BEGIN

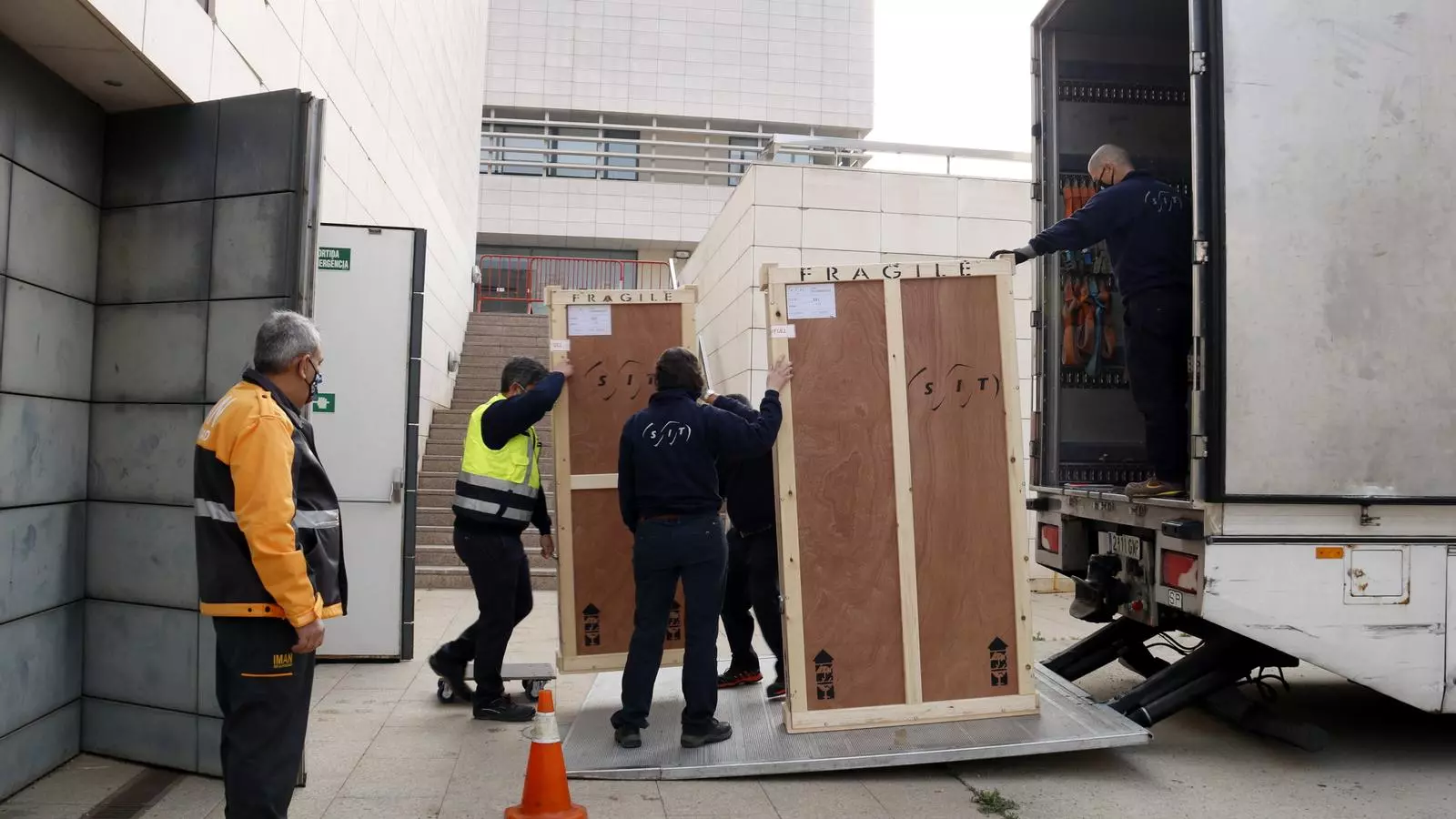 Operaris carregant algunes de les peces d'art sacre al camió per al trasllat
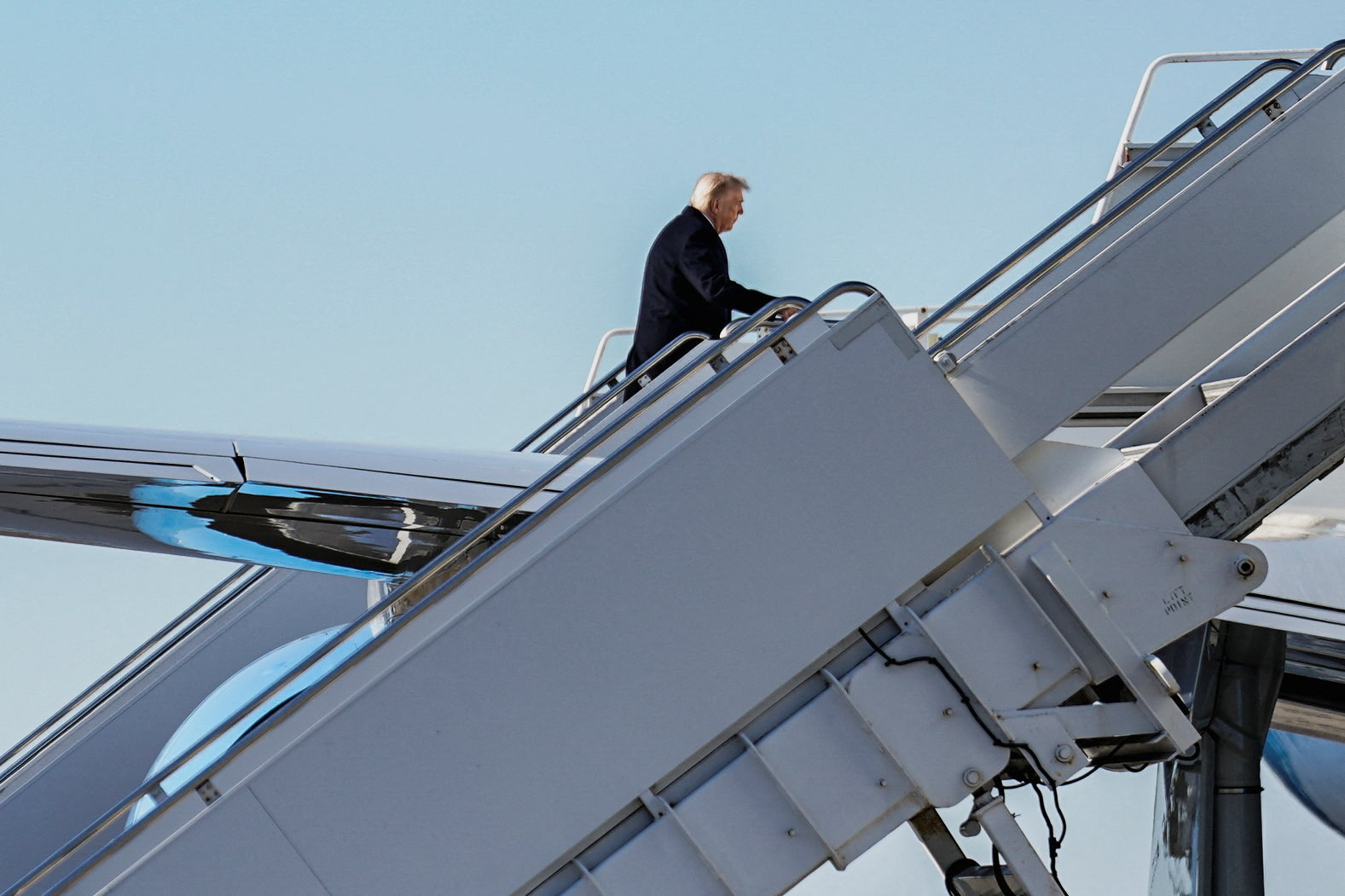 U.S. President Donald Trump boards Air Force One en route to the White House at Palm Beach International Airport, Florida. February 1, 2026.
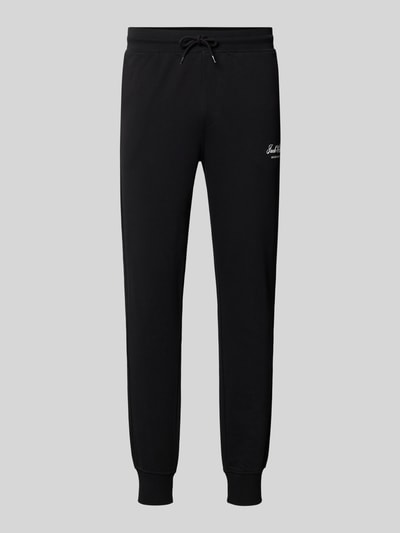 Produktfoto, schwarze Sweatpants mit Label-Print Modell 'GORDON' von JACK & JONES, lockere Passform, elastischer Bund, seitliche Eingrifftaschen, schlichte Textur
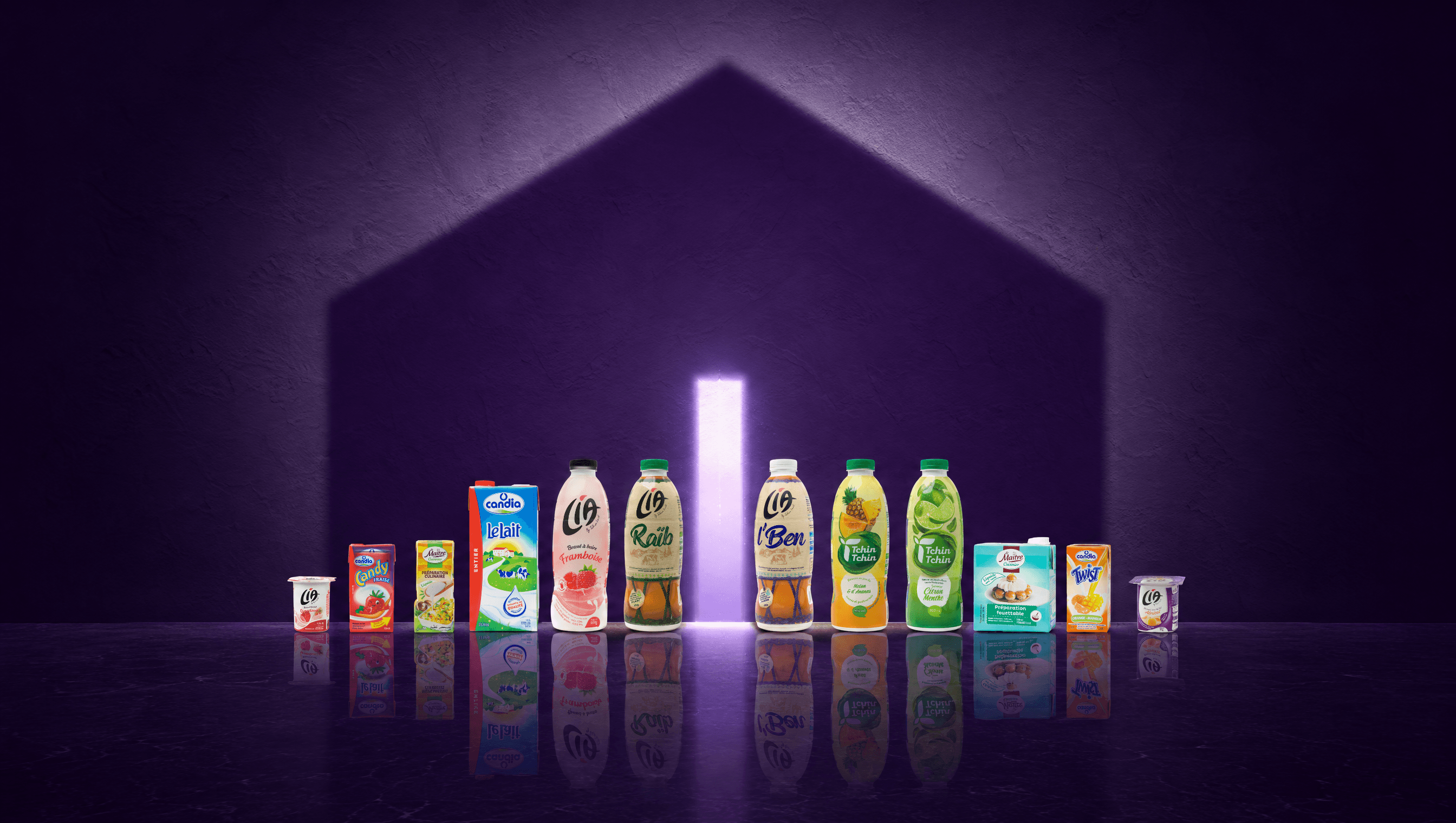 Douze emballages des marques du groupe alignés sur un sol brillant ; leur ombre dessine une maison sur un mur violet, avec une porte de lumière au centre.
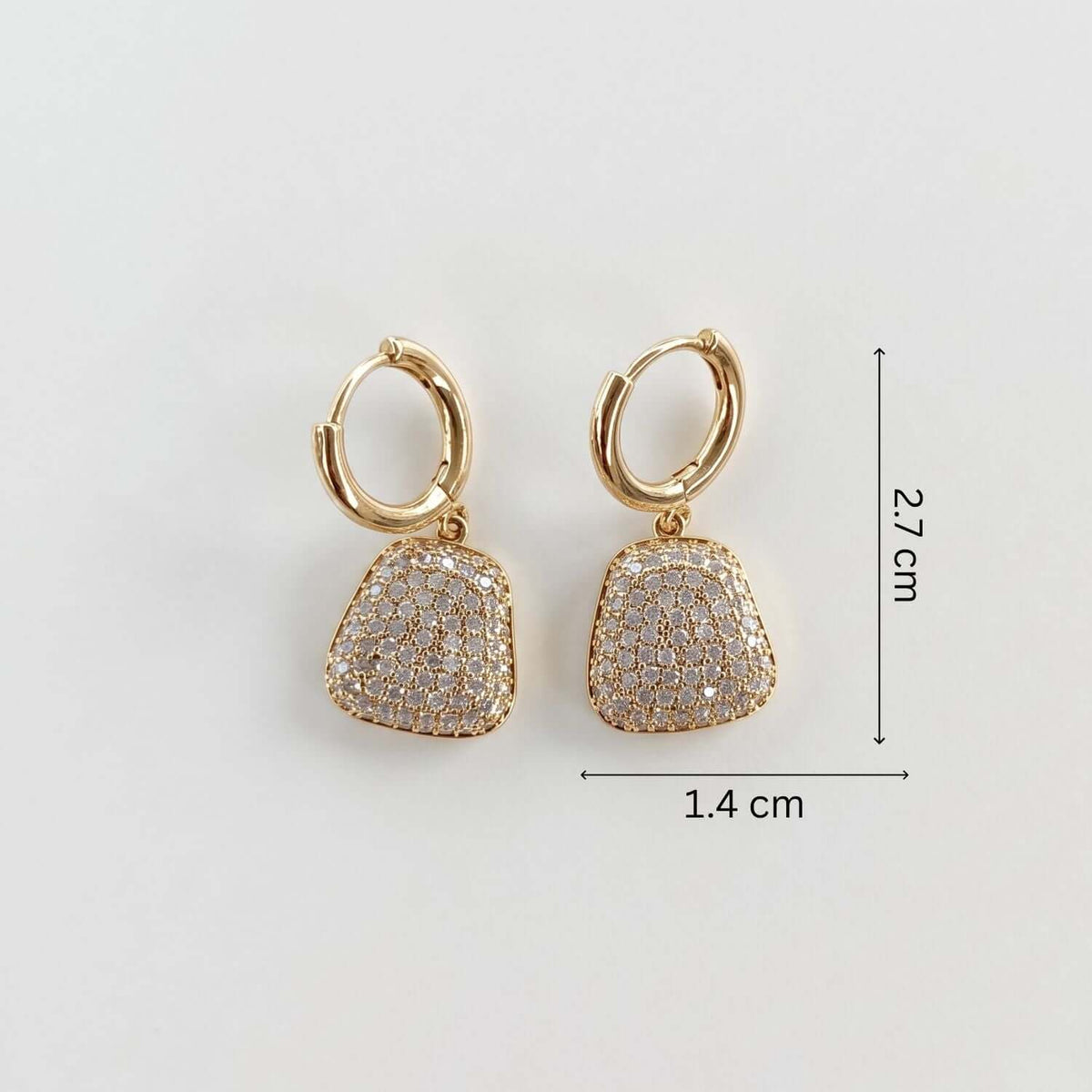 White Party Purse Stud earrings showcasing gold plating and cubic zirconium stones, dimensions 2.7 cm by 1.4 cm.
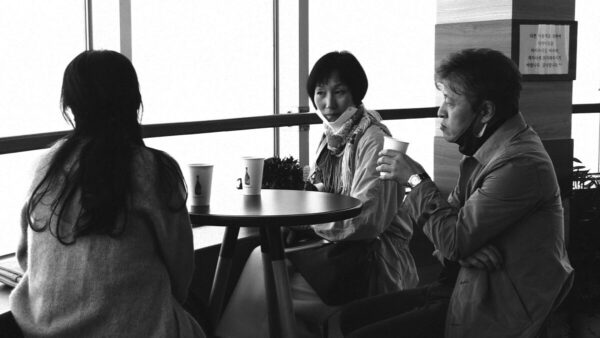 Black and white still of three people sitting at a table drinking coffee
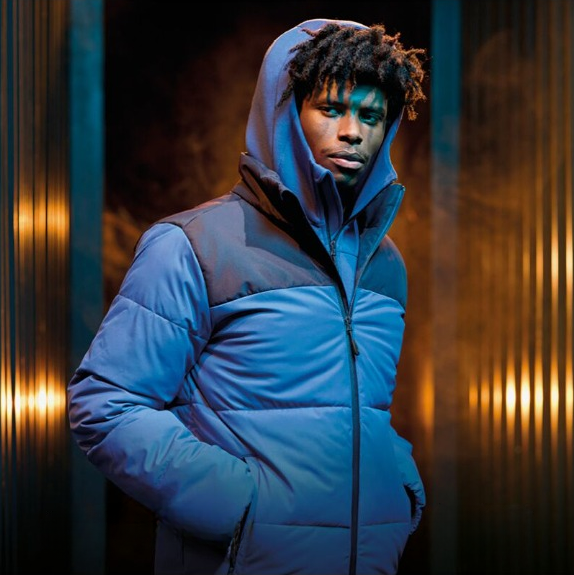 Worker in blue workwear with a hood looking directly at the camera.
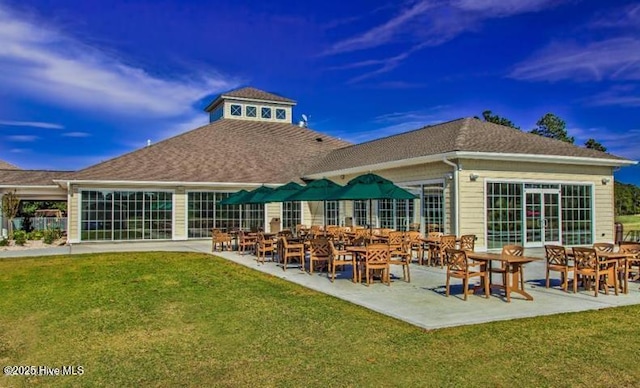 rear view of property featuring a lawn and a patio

END

Exercise description - I'd like the entries above repeated exactly, but without any of their pictures.

Output -
 Operaris carregant algunes de les peces d'art sacre al camió per al trasllat
 U.S. President Donald Trump boards Air Force One en route to the White House at Palm Beach International Airport, Florida. February 1, 2026.
 Produktfoto, schwarze Sweatpants mit Label-Print Modell 'GORDON' von JACK & JONES, lockere Passform, elastischer Bund, seitliche Eingrifftaschen, schlichte Textur
 Douze emballages des marques du groupe alignés sur un sol brillant ; leur ombre dessine une maison sur un mur violet, avec une porte de lumière au centre.
 White Party Purse Stud earrings showcasing gold plating and cubic zirconium stones, dimensions 2.7 cm by 1.4 cm.
 Black and white still of three people sitting at a table drinking coffee
 Worker in blue workwear with a hood looking directly at the camera.
 rear view of property featuring a lawn and a patio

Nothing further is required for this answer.